VY Canis Majoris ist ein großer Stern. Seine Masse ist 30 bis 40 Mal größer als die unserer Sonne. Er ist fast 1500 Mal größer als unser Stern. Und leuchtet eine halbe Million Mal heller! Er gehört zu den größten Sternen die wir kennen (es gibt aber noch einige, die deutlich größer sind) und das macht ihn zu einem interessanten Studienobjekt. Der knapp 4000 Lichtjahre entfernte Hyperriese lebt, wie alle sehr großen Sterne, nicht lange. Zumindest nach astronomischen Maßstäben; nicht im Vergleich zur kleinen Sonne, deren Leben circa 10 Milliarden Jahre dauern wird.
Dass VY Canis Majoris sich seinem Tod schon sehr stark angenähert hat, erkennt man auch direkt bei seiner Beobachtung. Er hat sich enorm stark aufgebläht; in unserem Sonnensystem würde der Stern den gesamten Raum innerhalb der Umlaufbahn von Jupiter ausfüllen. Außerdem ist er von großen Wolken aus Gas und Staub umgeben. Dieses ganze Material war früher Teil des Sterns selbst – aber als er sich gegen Ende seines Lebens immer weiter ausgedehnt hat, hat er auch immer mehr Material verloren.
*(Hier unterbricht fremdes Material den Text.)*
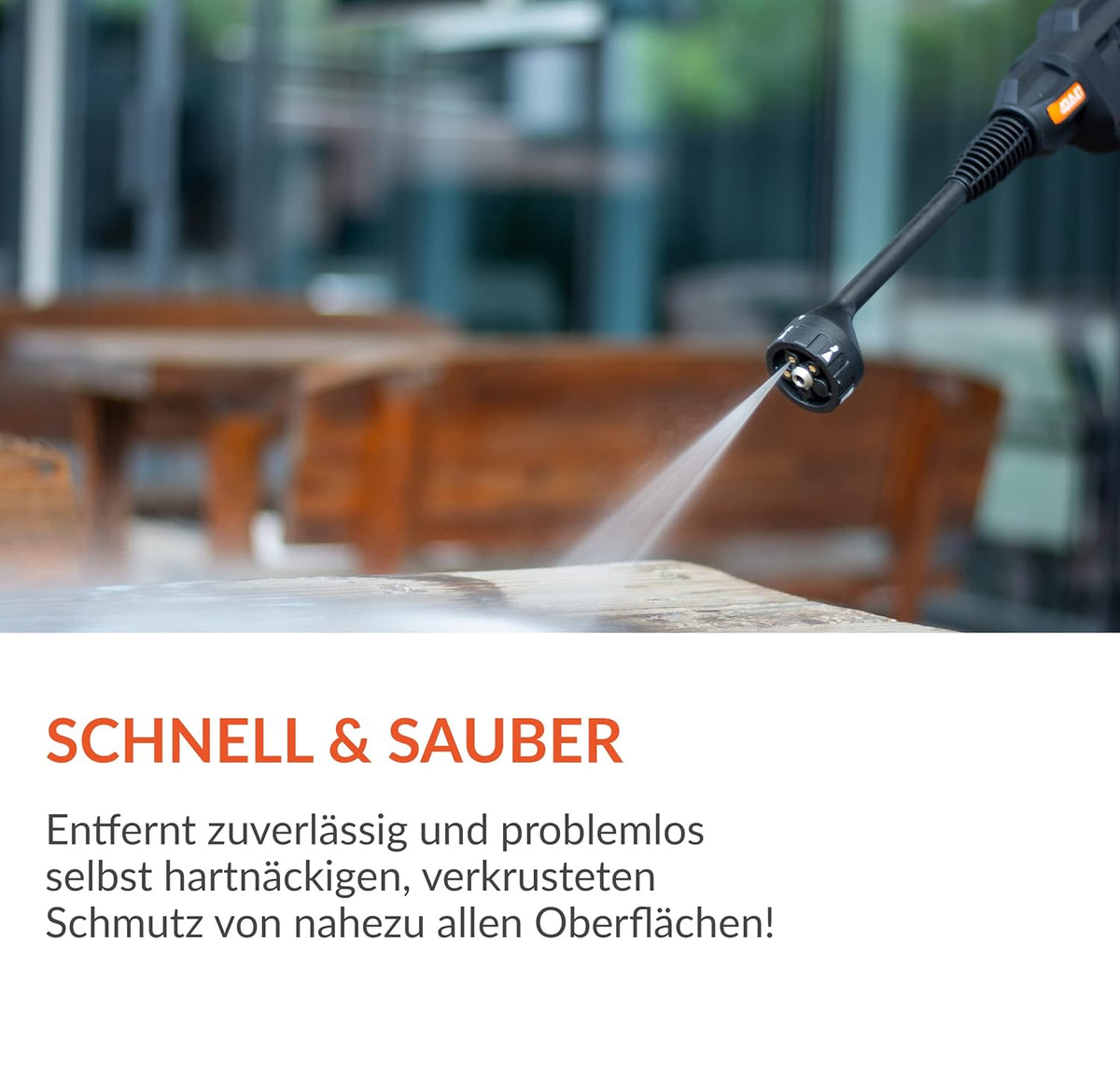 Accu-Hogedrukreiniger – Draagbare Hogedrukreiniger – Mobiele Schoonmaakreiniger – Waterpomp – Tuinsproeier – Zelfaanzuigend Met 6 Meterslang – Krachtige 22 Bar Waterdruk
Ein alter Stern brennt heißer als einer, der mitten im Leben steht. Die hohen Temperaturen sorgen für eine ebenso starken Strahlungsdruck. Je mehr Energie im Kern eines Sterns erzeugt wird, desto mehr Strahlung dringt von innen nach außen. Normalerweise hält die Gravitationskraft der Sternmasse das Gleichgewicht aufrecht und der Stern bleibt stabil. In dem Fall war die Strahlung aber so groß und die hochenergetischen Lichtteilchen haben so stark gegen die Sternmaterie gedrückt, dass der Stern sich aufgebläht hat. Durch die enorme Expansion ist das Material in den äußeren Schichten stark abgekühlt und auch die Dichte ist dort gering. Die Gravitation des Sterns kann das Material nicht mehr festhalten und es entkommt ins All.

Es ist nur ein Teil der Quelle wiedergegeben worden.